“Therefore encourage one another and build each other up . . .” 1 Thessalonians 5:11
On one of my frequent early-morning bike rides recently I noticed up ahead a cluster of folks gathered in the middle of the path doing calisthenics. As I approached it became obvious that these were high school age boys and girls, presumably cross-country runners from a nearby high school, warming up for their morning run. My first impulse was to consider how to get around them since they were blocking the trail, until I heard one of them shout “biker coming!” after which each one politely stepped to one side of the trail or the other allowing me to pass through, not unlike the parting of the Red Sea.
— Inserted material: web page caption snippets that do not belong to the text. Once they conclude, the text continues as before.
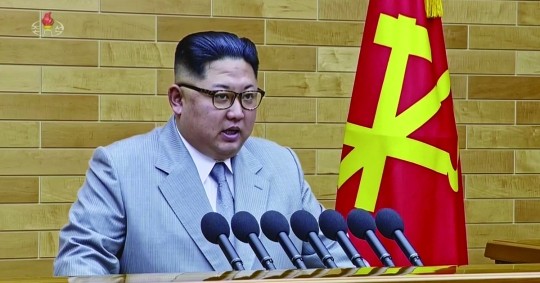 ▲ 김정은 북한 노동당 위원장이 1일 오전 9시 30분께 (평양시 기준 9시) 노동당 중앙위원회 청사에서 신년사를 발표하고 있다. ⓒ조선중앙TV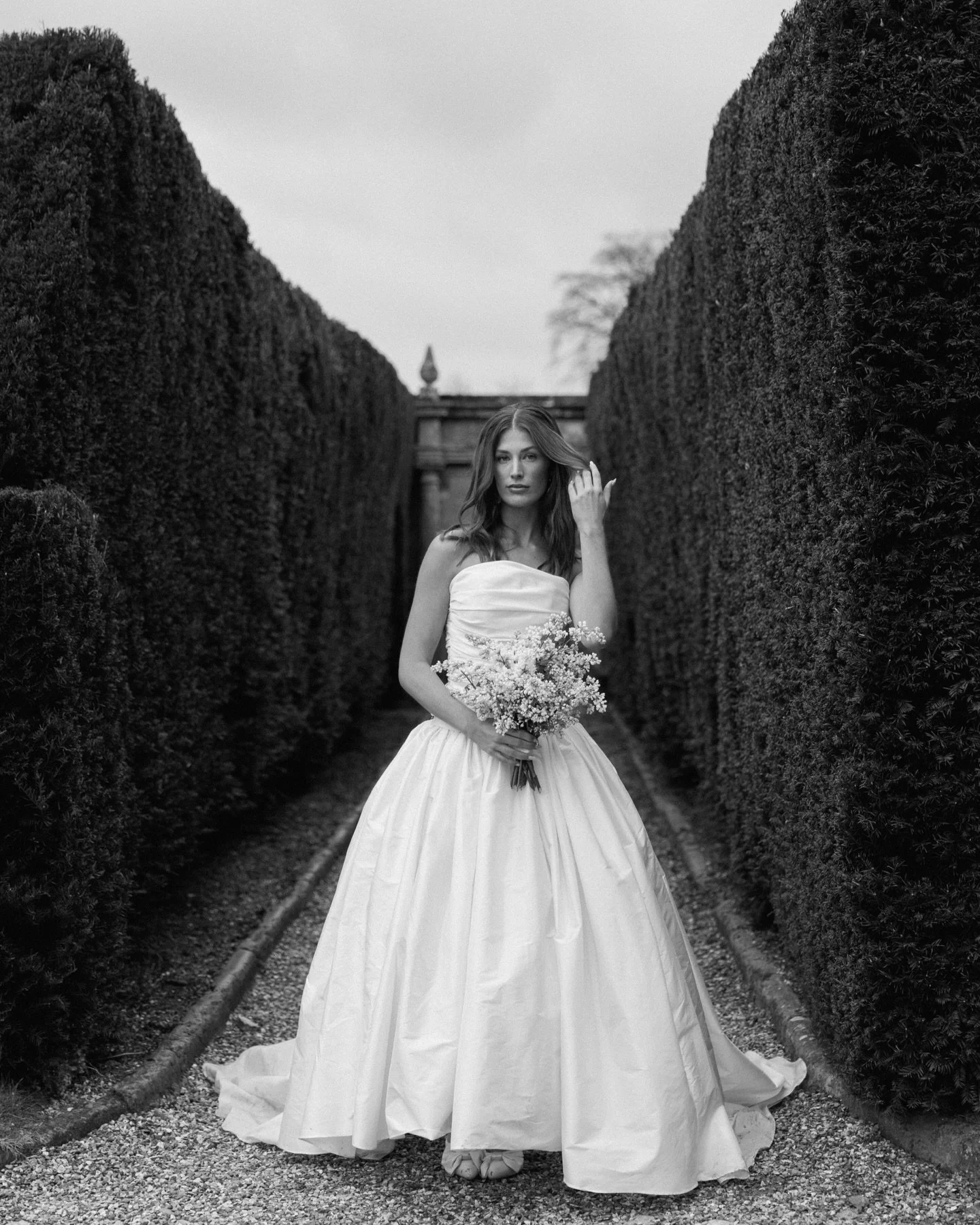 So happy this week to kick off my 2026 wedding season and heading back to the beautiful @sudeleycastle 🖤

Photographer @daniellevictoriaphoto 
Planner and Stylist @rebeccamarieweddings @workshopsbylark 
Venue @sudeleycastle @sudeleycastleweddings 
F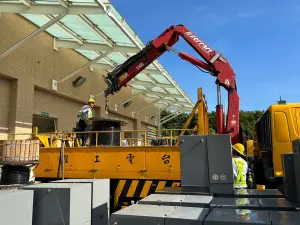 ▲中央氣象局上午發布海葵陸上颱風警報，屏東台電積極戒備。（圖／中央氣象局提供）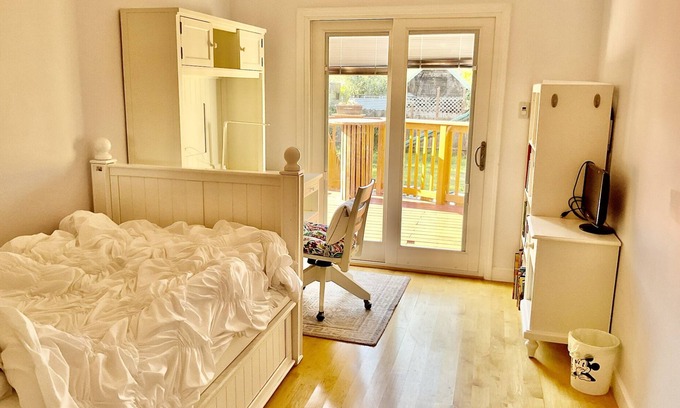 Southwest Berkeley Bed & Breakfast | Peaceful Place to stay in Berkeley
As I rode my bike between the two lines of young runners I gave a quick wave as to say thank you, then smiled and quipped, “thanks to all of you for coming out to cheer me on!” It was meant as a joke, except afterwards the most amazing thing happened, the whole crowd began to clap and cheer. Was their applause just as much of a joke as mine? Most likely. Or could it have been a sincere gesture in appreciation that a man my age would be out on an early-morning bike ride trying to keep himself in shape? Either way, joke or not, I could feel myself putting a little more pump into the pedals.
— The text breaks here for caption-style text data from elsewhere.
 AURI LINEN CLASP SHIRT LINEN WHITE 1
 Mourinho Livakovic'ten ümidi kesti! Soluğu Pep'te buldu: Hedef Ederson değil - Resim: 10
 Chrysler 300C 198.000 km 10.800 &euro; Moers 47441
Encouragement is such a powerful motivator. Just imagine, if a half-joking impromptu encounter like I experienced on the bike trail can put a little extra spring in my step, what a difference more intentional encouragement can have. The story of Erin Gruwell is a good example, as told in the 2007 movie Freedom Writers. In 1994 Erin was a first-year English teacher at Woodrow Wilson High School in Long Beach, California, a racially mixed school plagued by gangs and violence. Yet, Erin was able to transform her classroom and the lives of the individual students by being as much encourager as teacher, first encouraging them to write down the tragic stories of their lives (all their stories were tragic) and subsequently sharing them with each other. Over time those diverse classmates, once bitter enemies, became intimate friends, most of them successfully completing high school, and many going on to college.
“Therefore encourage one another and build each other up.” It doesn’t take much, a kind word, a compliment . . . a cheer on the bike trail. The opportunities to encourage others are before us every day, and what a difference it can make. It can change a life.